# Working for Foreign Employer



## nimalan

I got the PR and will be moving to Melbourne in April 2015. 

My current employer in my home country is willing to offer me a consultant job on a renewable contract basis. Remuneration will be defined in AUD. They do not have an office in Australia and therefore I need to work from home. They will not make superannuation or any other contributions. I have couple of concerns

1. What is the requirement for foreign employers regarding superannuation contribution? 

2. Will my employment as a consultant to a foreign employer be considered as Australian experience when I apply for jobs in the future?

Thank you in advance for your valuable feedback.


----------



## Engaus

Are they paying you into your Australian bank account? How do you plan on paying tax?

If you are working remotely for an overseas country it won't be considered local experience - which is generally what most employers want to see.

Do you know how much in AUD they plan on paying you? I ask only because you want to make sure it's competitive and that you can survive on that wage. Australia is VERY expensive.


----------



## nimalan

Engaus said:


> Are they paying you into your Australian bank account? How do you plan on paying tax?
> 
> If you are working remotely for an overseas country it won't be considered local experience - which is generally what most employers want to see.
> 
> Do you know how much in AUD they plan on paying you? I ask only because you want to make sure it's competitive and that you can survive on that wage. Australia is VERY expensive.


Thank you for the feedback. The offer is not yet finalized but they mentioned that the offer will be all inclusive and I need take care of tax etc. They will remit my australian bank account.

Since this will not be considered as local experience and there will not be superannuation as well, I guess I should consider whether to accept this offer or not. Do you think $5,000/month is sufficient for a family with 2 young children?
Good thing about the offer though that I will have employment from day 1 itself and since I can work from home, my wife too can look out for a part/full time employment.

Thanks.


----------



## Engaus

What your employer is planning to do doesn't sound right to me.
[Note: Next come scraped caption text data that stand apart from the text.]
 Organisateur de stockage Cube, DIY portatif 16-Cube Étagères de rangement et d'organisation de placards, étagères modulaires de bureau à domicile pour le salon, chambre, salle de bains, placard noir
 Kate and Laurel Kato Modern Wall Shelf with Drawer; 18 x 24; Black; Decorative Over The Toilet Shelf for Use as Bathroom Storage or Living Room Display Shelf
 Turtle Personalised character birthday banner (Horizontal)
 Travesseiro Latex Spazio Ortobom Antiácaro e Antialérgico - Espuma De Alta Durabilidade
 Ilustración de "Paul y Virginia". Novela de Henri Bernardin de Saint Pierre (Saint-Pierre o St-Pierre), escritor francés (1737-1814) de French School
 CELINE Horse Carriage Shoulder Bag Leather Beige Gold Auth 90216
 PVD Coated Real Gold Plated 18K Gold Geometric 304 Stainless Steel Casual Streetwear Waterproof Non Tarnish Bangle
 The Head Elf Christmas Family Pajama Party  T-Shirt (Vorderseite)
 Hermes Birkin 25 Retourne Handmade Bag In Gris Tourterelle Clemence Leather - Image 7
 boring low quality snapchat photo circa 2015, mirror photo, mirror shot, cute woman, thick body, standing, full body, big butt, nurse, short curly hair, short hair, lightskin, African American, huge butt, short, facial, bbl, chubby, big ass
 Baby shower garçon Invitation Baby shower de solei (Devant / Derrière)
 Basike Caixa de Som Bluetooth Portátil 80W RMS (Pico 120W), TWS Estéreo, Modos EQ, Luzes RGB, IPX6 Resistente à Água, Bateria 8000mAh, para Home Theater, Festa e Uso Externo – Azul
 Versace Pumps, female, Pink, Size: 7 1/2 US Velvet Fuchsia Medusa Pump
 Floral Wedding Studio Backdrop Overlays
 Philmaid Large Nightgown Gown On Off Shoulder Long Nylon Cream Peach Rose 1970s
I was being paid by an overseas employer too - but they still took out tax and paid me superannuation - as it's illegal not to in Australia.

If you are making $5,000 a month AFTER tax and superannuation is taken out then I would say that's sufficient if your wife can also get a job. 

If it's just you working and/or that $5,000.00 is before you have paid tax and super then you will struggle, especially if you plan on living near a city.


----------



## Mish

What they are doing sounds ILLEGAL.

You MUST pay tax if you are working in Australia! 

Majority of the time the employer will have an ABN and you provide them with your TFN and they take care the rest.

If you try to avoid paying tax it will catch up with you one day and apart from paying the tax you should have paid you will probably also have to pay a fine.


----------



## nimalan

Mish said:


> What they are doing sounds ILLEGAL.
> 
> You MUST pay tax if you are working in Australia!
> 
> Majority of the time the employer will have an ABN and you provide them with your TFN and they take care the rest.
> 
> If you try to avoid paying tax it will catch up with you one day and apart from paying the tax you should have paid you will probably also have to pay a fine.


Thank you for the feedback and looks like I was not clear enough. The employer will make a regular payment and I will be paying the tax for that income. I am not trying to evade paying the tax. Should an overseas employer pay superannuation? If so, how can this be done as they are not a registered company in Australia.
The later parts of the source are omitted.